(Short text fragments from websites)
·····
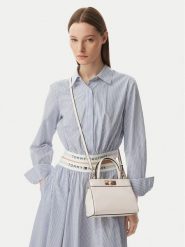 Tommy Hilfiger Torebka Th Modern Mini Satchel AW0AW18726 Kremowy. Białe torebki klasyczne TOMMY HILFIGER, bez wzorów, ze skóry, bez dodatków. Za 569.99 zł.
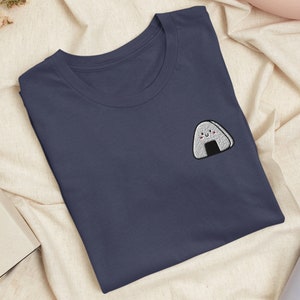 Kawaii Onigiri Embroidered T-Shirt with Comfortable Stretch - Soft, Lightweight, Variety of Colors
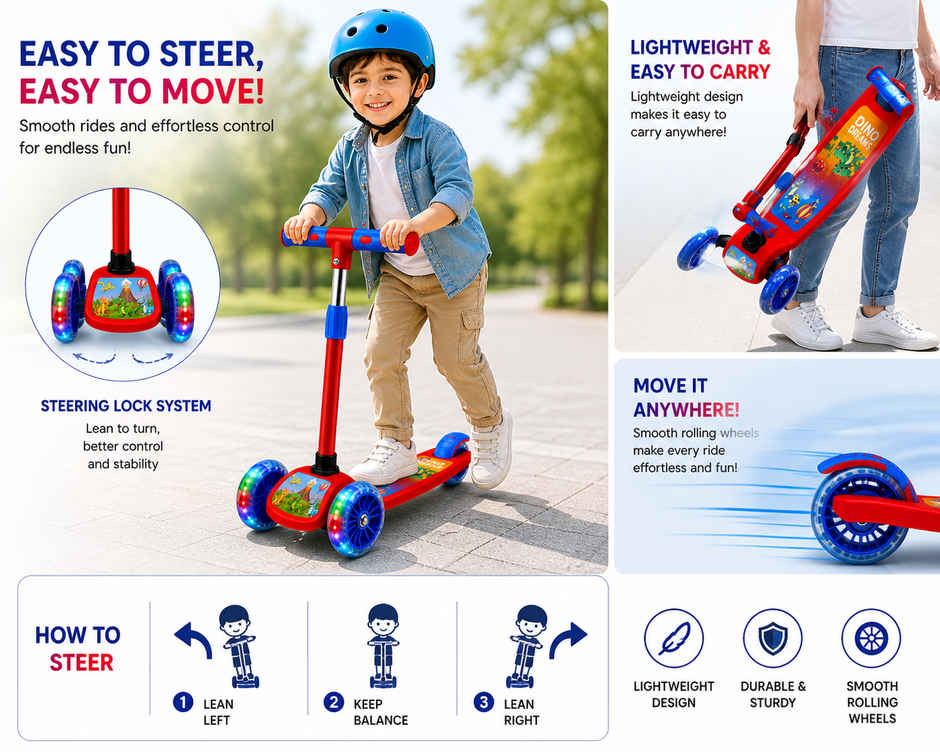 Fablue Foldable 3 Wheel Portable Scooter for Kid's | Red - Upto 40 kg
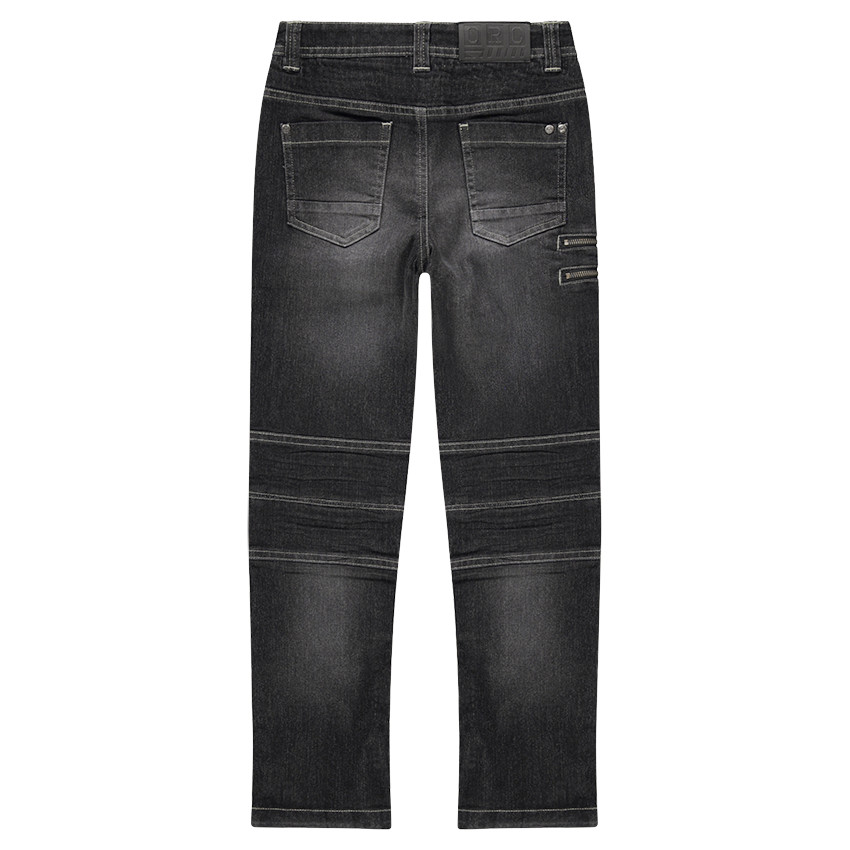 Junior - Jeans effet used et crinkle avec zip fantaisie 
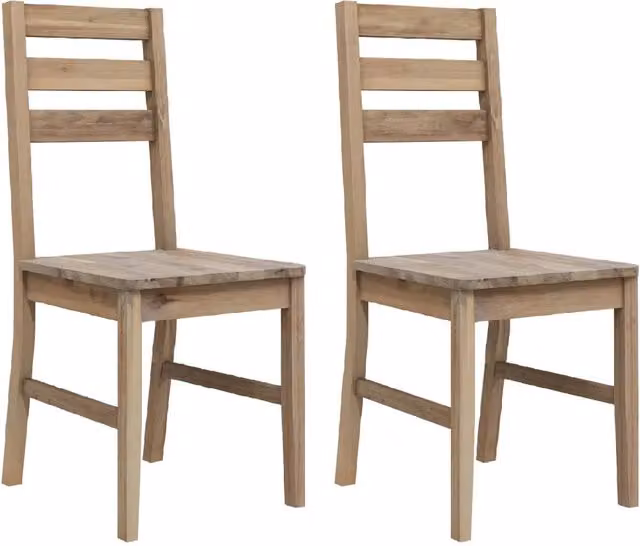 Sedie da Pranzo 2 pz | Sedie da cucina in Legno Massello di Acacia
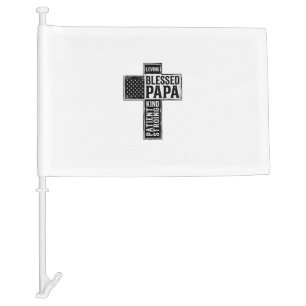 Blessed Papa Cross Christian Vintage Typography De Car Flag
·····
▶ BRIEF: Every line above must appear in the answer unchanged, and no picture may appear in it.

▶ COMPLETED TASK:
 Tommy Hilfiger Torebka Th Modern Mini Satchel AW0AW18726 Kremowy. Białe torebki klasyczne TOMMY HILFIGER, bez wzorów, ze skóry, bez dodatków. Za 569.99 zł.
 Kawaii Onigiri Embroidered T-Shirt with Comfortable Stretch - Soft, Lightweight, Variety of Colors
 Fablue Foldable 3 Wheel Portable Scooter for Kid's | Red - Upto 40 kg
 Junior - Jeans effet used et crinkle avec zip fantaisie 
 Sedie da Pranzo 2 pz | Sedie da cucina in Legno Massello di Acacia
 Blessed Papa Cross Christian Vintage Typography De Car Flag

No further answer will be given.